### Task requirements
In the listing below, start your output at the line with "Massage candle Coconut 8 oz" and end it after the line with "Side table 'Drum'", copying every line exactly.

### Data for processing
· · ·

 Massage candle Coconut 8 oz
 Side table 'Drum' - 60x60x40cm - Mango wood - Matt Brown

· · ·

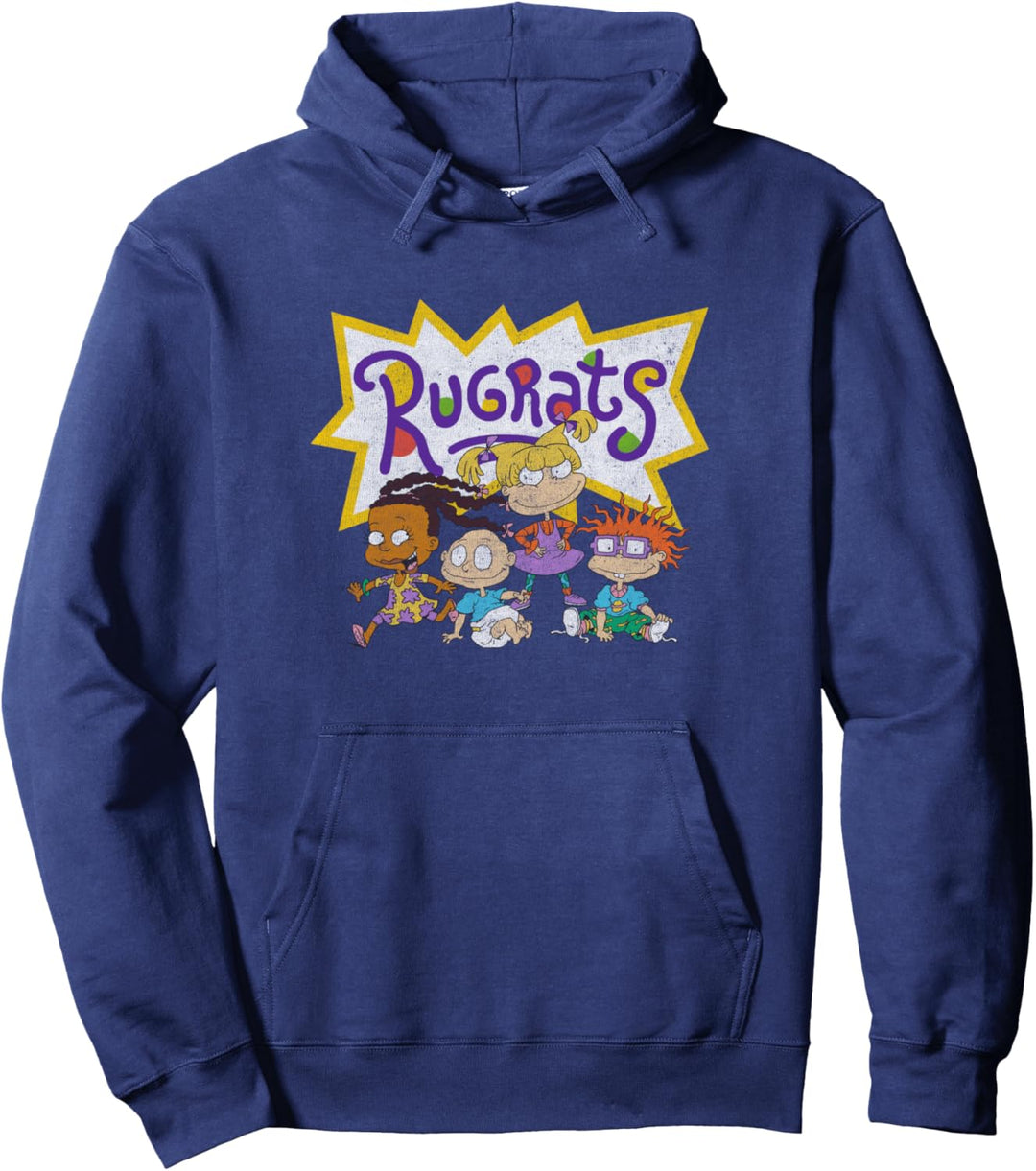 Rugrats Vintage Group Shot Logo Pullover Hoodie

· · ·

### Solution to the exercise
 Massage candle Coconut 8 oz
 Side table 'Drum' - 60x60x40cm - Mango wood - Matt Brown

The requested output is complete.